Records for the task:
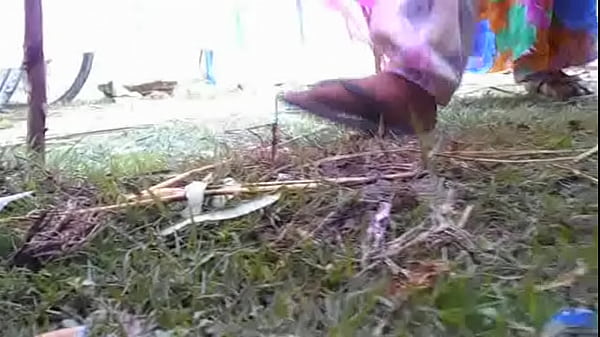 Desi Ngocok Sambil Ngepiss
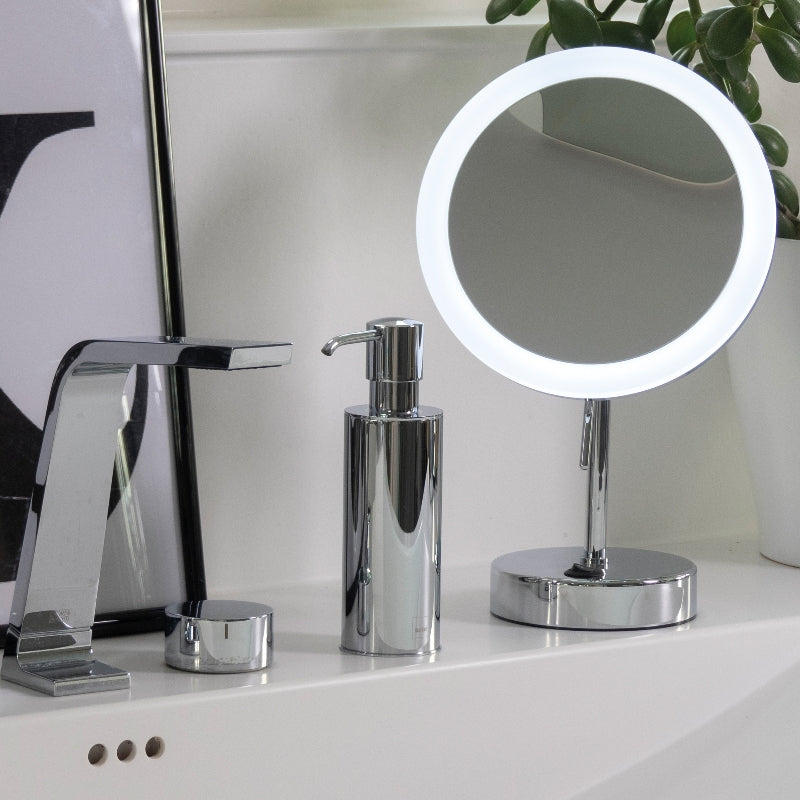 Distributeur de savon en laiton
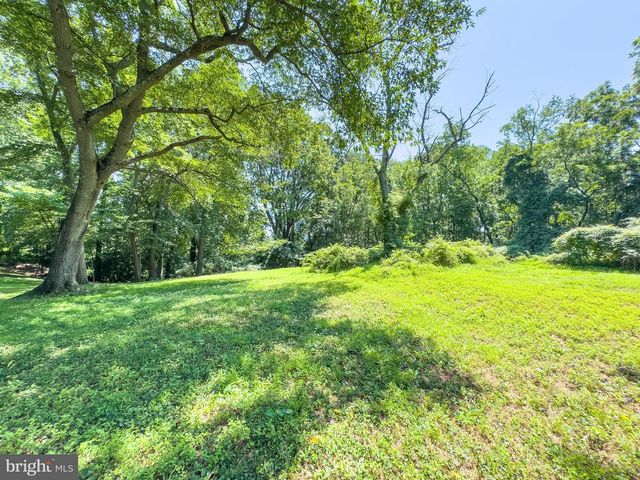4113 PINERIDGE DR, Annandale, VA 22003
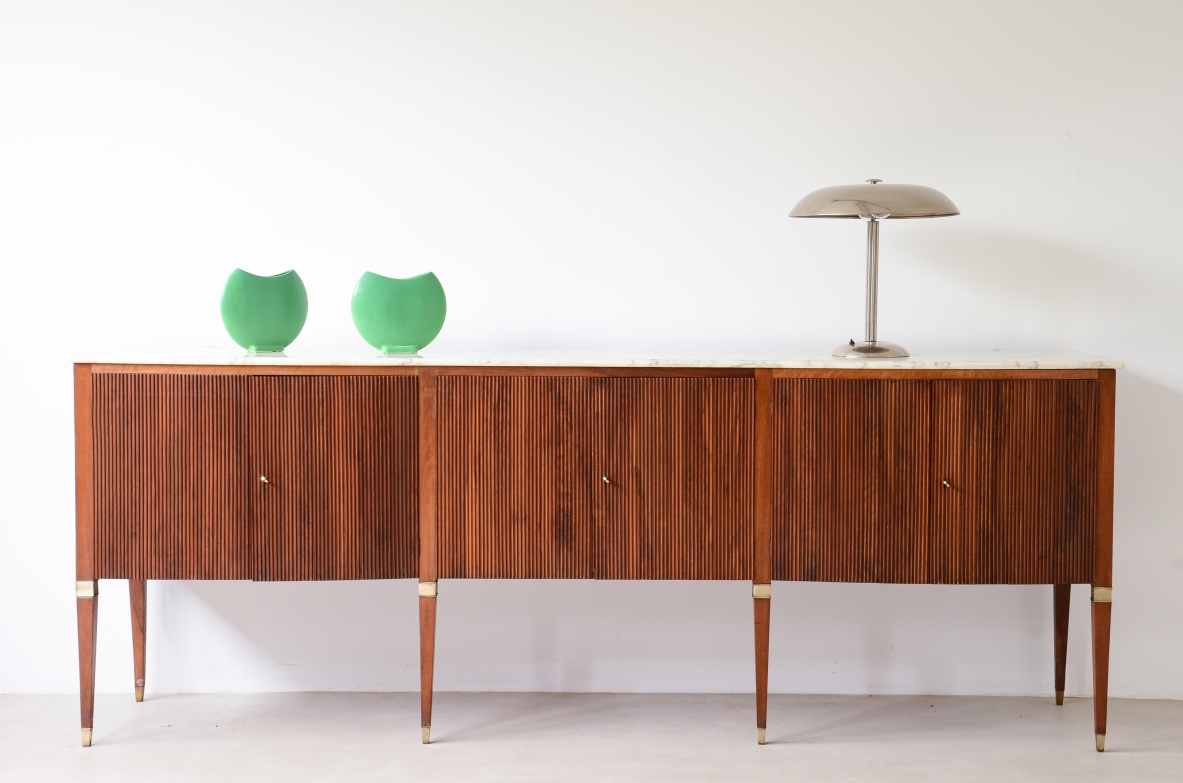 Paolo Buffa splendid sideboard with a wavy front, six doors in reeded walnut marble top and a bar with a mirror 1950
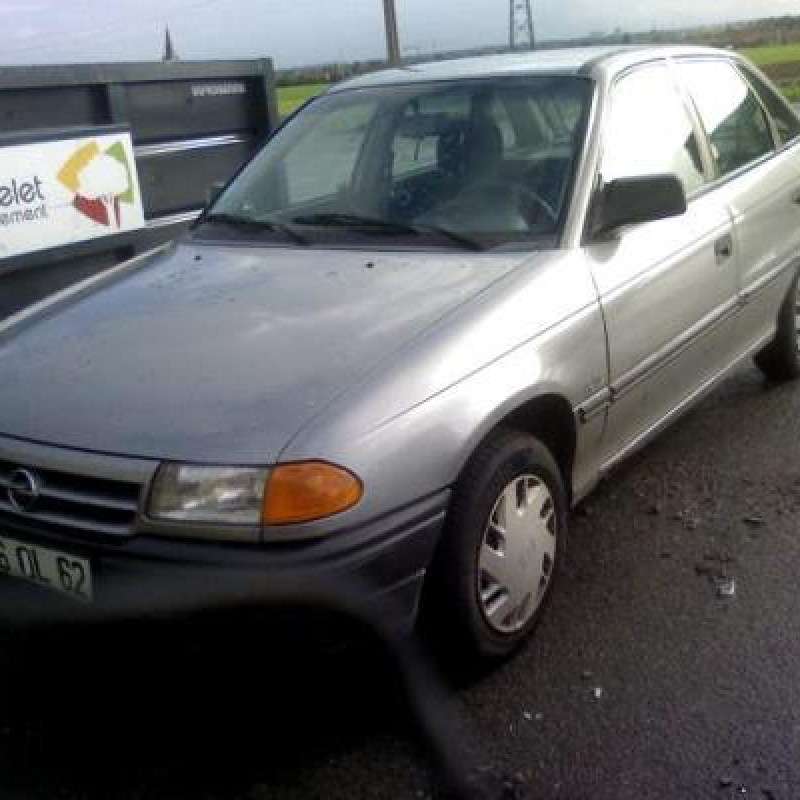 Leve vitre mecanique arriere droit OPEL ASTRA F Photo n°1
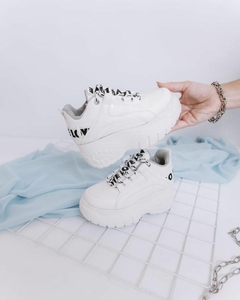 Mini Sneakers Amor Blancas en internet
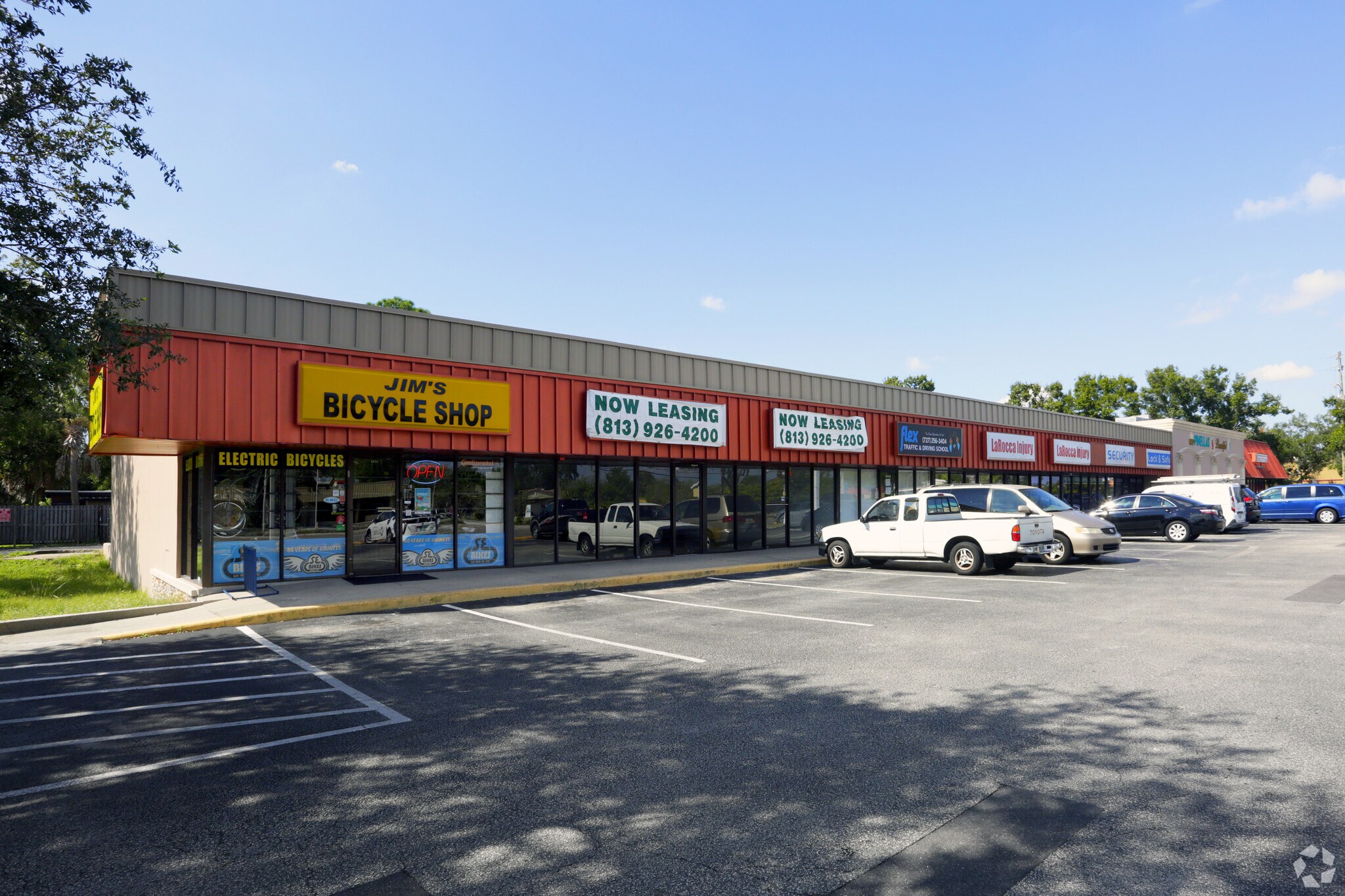 5098 66th St N, Saint Petersburg, FL for sale Building Photo- Image 1 of 1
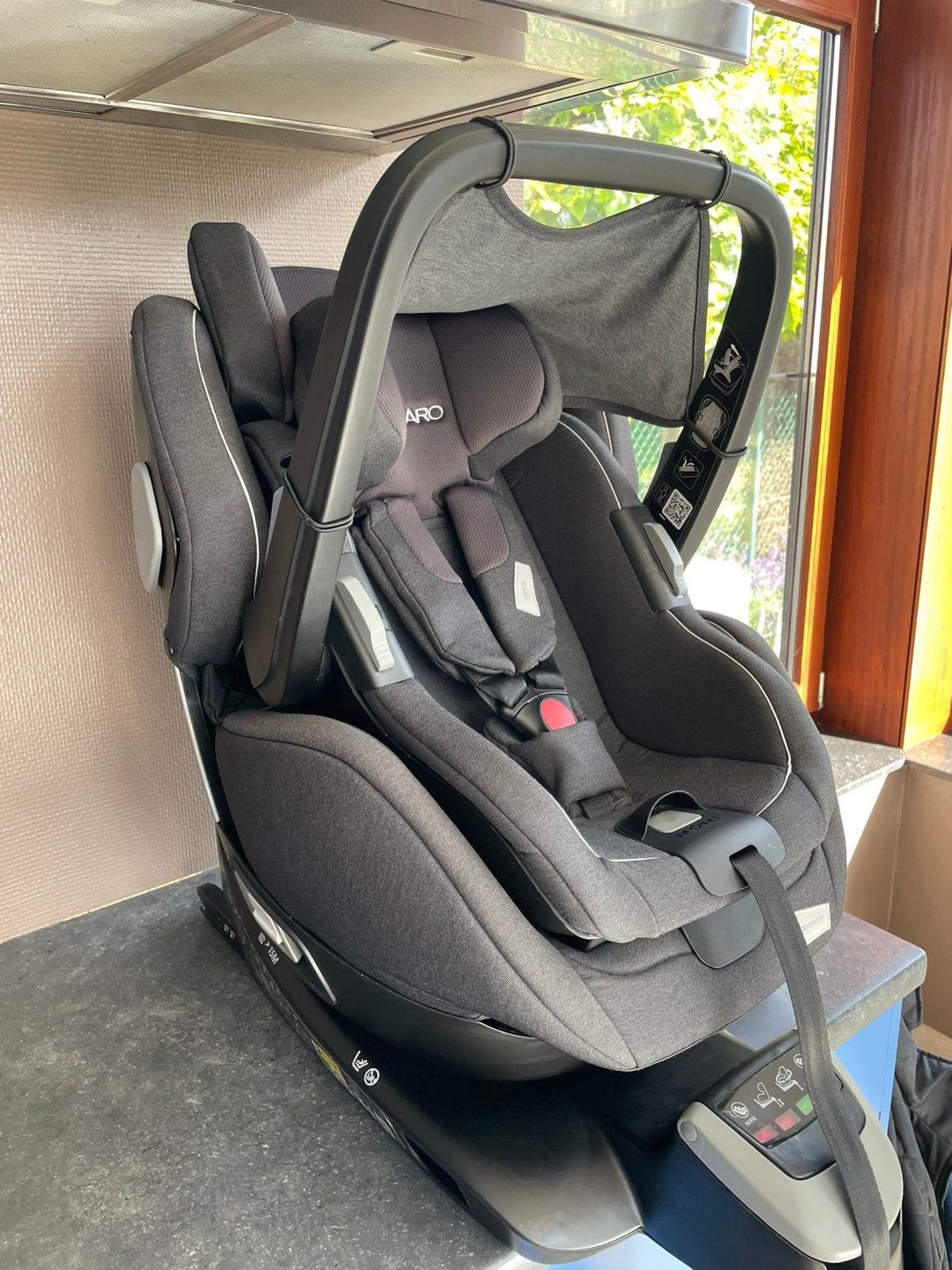 Autostoel 0-Jaar / 4-Jaar Recaro Salia Elite, Verstelbare rugleuning, Zo goed als nieuw, Isofix, Ophalen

Task description:
The data above is to be printed exactly, all of it, except for the pictures.

Result of the task:
 Desi Ngocok Sambil Ngepiss
 Distributeur de savon en laiton
4113 PINERIDGE DR, Annandale, VA 22003
 Paolo Buffa splendid sideboard with a wavy front, six doors in reeded walnut marble top and a bar with a mirror 1950
 Leve vitre mecanique arriere droit OPEL ASTRA F Photo n°1
 Mini Sneakers Amor Blancas en internet
 5098 66th St N, Saint Petersburg, FL for sale Building Photo- Image 1 of 1
 Autostoel 0-Jaar / 4-Jaar Recaro Salia Elite, Verstelbare rugleuning, Zo goed als nieuw, Isofix, Ophalen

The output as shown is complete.